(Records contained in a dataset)
★ ★ ★ ★ ★ ★ ★

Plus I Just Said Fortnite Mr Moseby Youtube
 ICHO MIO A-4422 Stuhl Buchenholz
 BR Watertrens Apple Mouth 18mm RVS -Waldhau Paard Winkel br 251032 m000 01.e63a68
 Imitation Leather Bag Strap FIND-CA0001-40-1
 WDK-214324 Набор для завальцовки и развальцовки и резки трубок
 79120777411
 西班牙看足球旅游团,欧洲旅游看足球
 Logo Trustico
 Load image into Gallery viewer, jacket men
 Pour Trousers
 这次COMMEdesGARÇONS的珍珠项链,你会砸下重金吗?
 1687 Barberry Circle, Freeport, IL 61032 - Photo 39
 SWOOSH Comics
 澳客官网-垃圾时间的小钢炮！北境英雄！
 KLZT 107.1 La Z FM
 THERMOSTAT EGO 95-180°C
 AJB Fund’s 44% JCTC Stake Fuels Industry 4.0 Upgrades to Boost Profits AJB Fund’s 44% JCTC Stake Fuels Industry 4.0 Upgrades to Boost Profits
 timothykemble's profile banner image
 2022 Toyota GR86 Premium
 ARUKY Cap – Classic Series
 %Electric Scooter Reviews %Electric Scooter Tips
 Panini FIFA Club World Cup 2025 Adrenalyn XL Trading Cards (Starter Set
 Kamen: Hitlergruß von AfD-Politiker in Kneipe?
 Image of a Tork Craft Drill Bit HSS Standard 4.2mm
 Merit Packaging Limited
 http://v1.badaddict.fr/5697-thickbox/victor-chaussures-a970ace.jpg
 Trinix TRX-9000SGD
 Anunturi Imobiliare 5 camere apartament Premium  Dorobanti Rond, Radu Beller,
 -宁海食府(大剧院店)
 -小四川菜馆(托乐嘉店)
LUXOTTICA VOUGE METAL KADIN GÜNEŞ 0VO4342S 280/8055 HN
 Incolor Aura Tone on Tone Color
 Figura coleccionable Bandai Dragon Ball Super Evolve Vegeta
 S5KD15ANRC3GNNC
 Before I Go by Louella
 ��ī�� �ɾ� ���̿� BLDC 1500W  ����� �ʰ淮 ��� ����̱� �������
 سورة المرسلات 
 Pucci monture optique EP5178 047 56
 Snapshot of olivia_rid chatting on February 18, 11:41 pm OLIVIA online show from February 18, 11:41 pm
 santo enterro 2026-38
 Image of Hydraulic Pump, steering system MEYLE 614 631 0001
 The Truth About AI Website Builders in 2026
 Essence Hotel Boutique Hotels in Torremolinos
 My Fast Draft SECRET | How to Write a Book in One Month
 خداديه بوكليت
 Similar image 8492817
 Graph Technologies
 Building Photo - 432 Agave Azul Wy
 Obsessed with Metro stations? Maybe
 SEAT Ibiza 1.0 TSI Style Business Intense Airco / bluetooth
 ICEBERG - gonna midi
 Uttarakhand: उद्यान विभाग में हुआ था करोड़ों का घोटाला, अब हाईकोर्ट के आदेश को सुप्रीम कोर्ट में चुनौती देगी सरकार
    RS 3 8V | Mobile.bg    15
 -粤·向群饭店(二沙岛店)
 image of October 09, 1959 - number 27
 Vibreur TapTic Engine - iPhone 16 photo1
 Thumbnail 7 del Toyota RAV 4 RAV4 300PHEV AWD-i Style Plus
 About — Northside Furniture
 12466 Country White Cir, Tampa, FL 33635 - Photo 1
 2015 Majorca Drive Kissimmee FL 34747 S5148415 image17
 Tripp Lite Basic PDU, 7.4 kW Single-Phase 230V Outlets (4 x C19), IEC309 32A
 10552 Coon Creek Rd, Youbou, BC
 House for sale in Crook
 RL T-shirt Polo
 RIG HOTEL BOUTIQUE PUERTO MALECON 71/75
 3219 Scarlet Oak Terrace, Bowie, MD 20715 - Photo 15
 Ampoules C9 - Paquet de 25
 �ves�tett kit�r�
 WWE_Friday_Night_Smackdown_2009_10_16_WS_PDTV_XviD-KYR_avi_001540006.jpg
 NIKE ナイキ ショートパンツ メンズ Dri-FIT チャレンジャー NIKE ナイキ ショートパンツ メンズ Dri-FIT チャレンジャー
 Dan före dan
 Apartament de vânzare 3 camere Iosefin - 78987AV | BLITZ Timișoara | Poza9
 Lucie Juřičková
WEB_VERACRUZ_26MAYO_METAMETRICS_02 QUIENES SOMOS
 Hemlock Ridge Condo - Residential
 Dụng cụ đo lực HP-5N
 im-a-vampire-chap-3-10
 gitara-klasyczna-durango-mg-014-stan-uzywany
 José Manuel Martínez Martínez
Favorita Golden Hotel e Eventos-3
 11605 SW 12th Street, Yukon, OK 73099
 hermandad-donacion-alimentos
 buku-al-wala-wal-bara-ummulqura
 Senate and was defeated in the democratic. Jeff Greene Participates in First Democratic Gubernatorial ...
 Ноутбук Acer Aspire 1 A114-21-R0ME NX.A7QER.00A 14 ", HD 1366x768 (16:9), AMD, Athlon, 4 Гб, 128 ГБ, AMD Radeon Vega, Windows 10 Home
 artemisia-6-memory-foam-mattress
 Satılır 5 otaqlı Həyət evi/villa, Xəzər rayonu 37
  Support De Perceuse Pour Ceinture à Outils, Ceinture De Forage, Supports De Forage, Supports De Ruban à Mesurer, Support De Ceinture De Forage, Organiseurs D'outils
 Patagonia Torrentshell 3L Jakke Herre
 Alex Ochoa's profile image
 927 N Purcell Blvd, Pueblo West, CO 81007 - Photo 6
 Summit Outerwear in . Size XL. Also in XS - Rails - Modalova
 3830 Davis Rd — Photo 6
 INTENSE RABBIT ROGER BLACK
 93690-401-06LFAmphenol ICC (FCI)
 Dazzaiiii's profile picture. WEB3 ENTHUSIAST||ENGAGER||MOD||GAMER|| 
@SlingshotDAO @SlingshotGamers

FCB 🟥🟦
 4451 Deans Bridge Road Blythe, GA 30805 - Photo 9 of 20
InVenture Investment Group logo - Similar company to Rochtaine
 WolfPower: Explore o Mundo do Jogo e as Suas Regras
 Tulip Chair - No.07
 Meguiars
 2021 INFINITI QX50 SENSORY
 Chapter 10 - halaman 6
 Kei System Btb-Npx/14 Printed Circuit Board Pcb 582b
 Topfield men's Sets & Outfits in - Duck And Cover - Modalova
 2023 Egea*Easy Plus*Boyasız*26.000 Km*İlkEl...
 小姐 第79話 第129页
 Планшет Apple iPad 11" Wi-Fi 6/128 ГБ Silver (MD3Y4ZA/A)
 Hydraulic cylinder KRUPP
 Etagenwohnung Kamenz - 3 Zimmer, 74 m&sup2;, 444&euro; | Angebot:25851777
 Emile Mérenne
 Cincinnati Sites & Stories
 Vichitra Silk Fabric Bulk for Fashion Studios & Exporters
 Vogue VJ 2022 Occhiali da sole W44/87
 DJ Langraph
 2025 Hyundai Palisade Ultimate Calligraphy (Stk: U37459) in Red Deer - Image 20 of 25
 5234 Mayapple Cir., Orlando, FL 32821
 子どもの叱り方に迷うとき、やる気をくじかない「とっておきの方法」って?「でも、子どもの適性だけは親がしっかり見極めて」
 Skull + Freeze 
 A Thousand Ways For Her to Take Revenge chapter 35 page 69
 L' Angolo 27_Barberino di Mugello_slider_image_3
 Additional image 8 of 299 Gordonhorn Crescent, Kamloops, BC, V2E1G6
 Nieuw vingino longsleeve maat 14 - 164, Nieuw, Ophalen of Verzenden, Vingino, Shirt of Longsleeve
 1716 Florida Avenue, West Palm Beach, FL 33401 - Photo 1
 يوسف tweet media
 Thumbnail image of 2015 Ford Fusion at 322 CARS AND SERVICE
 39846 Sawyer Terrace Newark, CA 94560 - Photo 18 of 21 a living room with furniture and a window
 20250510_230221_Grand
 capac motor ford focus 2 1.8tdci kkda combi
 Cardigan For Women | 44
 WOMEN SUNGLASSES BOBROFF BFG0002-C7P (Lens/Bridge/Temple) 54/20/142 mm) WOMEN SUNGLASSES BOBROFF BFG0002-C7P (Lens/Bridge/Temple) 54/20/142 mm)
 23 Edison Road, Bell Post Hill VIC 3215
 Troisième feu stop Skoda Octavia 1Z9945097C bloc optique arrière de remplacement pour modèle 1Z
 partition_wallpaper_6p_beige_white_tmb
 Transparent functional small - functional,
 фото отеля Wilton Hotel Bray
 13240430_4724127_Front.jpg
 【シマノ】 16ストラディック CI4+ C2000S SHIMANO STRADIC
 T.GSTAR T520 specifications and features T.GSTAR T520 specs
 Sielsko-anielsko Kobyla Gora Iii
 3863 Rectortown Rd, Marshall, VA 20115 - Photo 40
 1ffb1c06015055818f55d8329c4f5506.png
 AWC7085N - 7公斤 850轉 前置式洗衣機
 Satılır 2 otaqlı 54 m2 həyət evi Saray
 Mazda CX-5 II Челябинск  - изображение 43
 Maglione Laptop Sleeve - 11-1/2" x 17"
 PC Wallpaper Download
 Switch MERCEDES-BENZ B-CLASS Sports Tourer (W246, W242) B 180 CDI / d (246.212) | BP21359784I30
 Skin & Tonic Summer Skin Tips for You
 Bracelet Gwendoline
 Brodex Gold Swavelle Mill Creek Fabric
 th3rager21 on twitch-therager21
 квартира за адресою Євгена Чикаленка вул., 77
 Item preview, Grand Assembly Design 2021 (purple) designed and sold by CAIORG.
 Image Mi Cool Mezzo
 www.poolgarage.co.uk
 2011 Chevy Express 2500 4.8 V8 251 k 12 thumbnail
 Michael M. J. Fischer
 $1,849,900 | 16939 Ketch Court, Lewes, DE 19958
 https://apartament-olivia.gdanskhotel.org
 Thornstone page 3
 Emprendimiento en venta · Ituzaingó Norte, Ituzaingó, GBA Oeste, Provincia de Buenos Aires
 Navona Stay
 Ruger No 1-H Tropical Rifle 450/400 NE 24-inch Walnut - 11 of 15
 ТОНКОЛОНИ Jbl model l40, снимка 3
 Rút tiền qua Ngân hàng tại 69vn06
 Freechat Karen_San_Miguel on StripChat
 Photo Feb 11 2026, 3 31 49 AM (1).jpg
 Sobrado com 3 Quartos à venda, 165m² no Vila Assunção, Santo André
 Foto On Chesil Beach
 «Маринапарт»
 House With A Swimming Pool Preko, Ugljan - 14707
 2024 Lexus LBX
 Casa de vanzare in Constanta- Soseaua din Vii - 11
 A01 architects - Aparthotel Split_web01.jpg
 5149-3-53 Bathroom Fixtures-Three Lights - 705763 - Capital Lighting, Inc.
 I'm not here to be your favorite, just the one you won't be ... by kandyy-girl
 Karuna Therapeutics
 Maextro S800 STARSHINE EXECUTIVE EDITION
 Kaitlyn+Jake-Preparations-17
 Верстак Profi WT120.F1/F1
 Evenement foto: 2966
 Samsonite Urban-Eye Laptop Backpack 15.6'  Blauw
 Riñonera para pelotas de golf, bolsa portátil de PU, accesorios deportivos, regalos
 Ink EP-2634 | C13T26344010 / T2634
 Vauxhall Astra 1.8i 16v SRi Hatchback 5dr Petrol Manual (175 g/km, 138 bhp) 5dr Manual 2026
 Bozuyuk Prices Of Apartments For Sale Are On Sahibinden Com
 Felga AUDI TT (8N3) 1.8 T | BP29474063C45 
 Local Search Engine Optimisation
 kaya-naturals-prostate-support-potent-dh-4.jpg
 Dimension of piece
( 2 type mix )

★ ★ ★ ★ ★ ★ ★

* **Instructions to follow**
What do the lines above say from the one containing "Emile Mérenne" down to the one containing "5234 Mayapple Cir., Orlando, FL 32821"? Return them exactly, both end lines included, and only them.

* **Solution**
 Emile Mérenne
 Cincinnati Sites & Stories
 Vichitra Silk Fabric Bulk for Fashion Studios & Exporters
 Vogue VJ 2022 Occhiali da sole W44/87
 DJ Langraph
 2025 Hyundai Palisade Ultimate Calligraphy (Stk: U37459) in Red Deer - Image 20 of 25
 5234 Mayapple Cir., Orlando, FL 32821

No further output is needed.